Opening — Why this matters now
Everyone is chasing longer context windows. Million-token prompts. Endless chat logs. The assumption is simple: if the model can see everything, it will remember correctly.
This paper shows why that assumption fails.
In long-horizon, goal-driven interactions, errors rarely come from missing information. They come from retrieving the wrong information—facts that are semantically similar but contextually incompatible. Bigger windows amplify the problem. Noise scales faster than relevance.
Background — Context is not content
Most agent memory systems still treat history as text to be compressed, embedded, or summarized. Whether it’s vector search, hierarchical summaries, or graph-based recall, the retrieval signal is largely semantic similarity.
That works when:
- Topics are cleanly separated
- Queries immediately follow relevant context
- Entities appear once, with stable meaning
Real agent workflows violate all three.
A hotel price depends on the day. An argument depends on which side said it. A plan depends on which goal was active at the time. Semantic similarity alone cannot tell these apart.

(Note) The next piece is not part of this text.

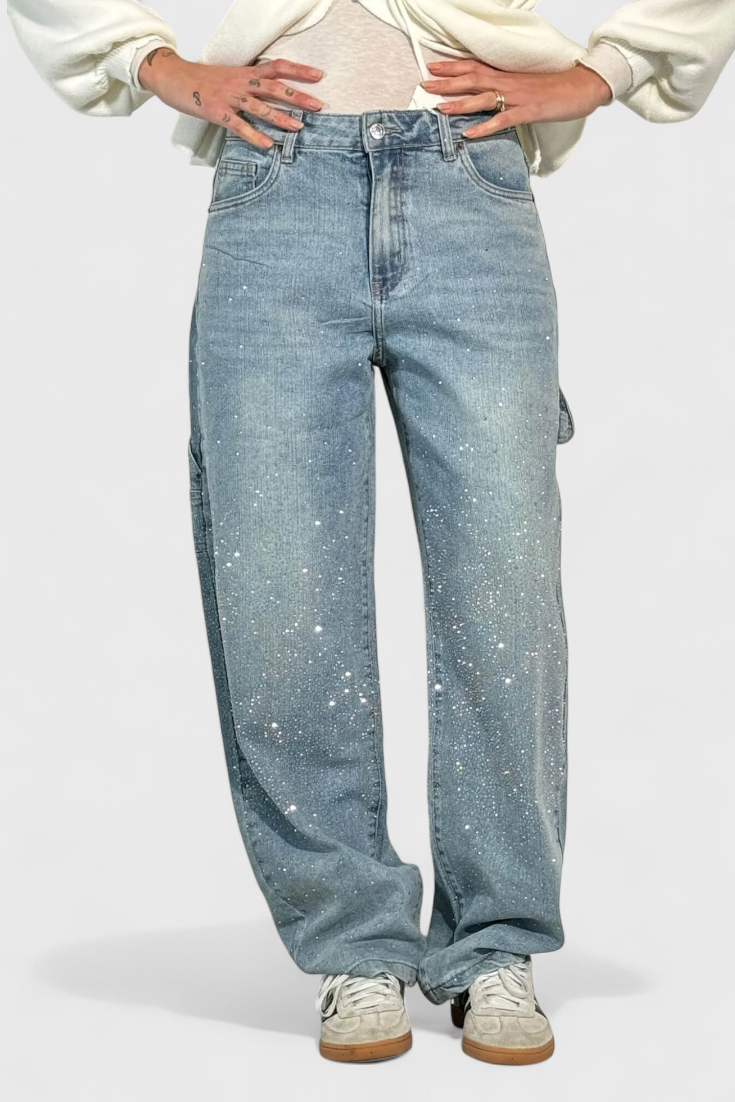 Rhinestone Embellished Wide Leg Cargo Jeans 5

The authors frame this correctly: retrieval failure is a cue problem, not a storage problem.
Analysis — What STITCH actually changes
STITCH (Structured Intent Tracking in Contextual History) reframes memory indexing around contextual intent rather than text.

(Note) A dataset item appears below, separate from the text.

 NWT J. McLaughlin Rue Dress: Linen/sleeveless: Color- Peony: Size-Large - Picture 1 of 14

Each step in an agent’s trajectory is annotated online with three signals:
- Thematic scope — the latent goal episode (e.g., “Day 2 itinerary”, “Model optimization”). This persists across non-adjacent turns.
- Event type — the kind of action being performed (compare, decide, rebut, inquire).
- Key entity types — what kind of details matter here (price vs rating, metric vs hyperparameter).
Together, these form a structured retrieval cue that answers a simple question:
Under what intent was this information produced?
At retrieval time, the query is mapped into the same intent space. Memory snippets are filtered and ranked by structural compatibility first, semantic similarity second.
This ordering matters. It prevents “correct but wrong-context” facts from even entering the candidate set.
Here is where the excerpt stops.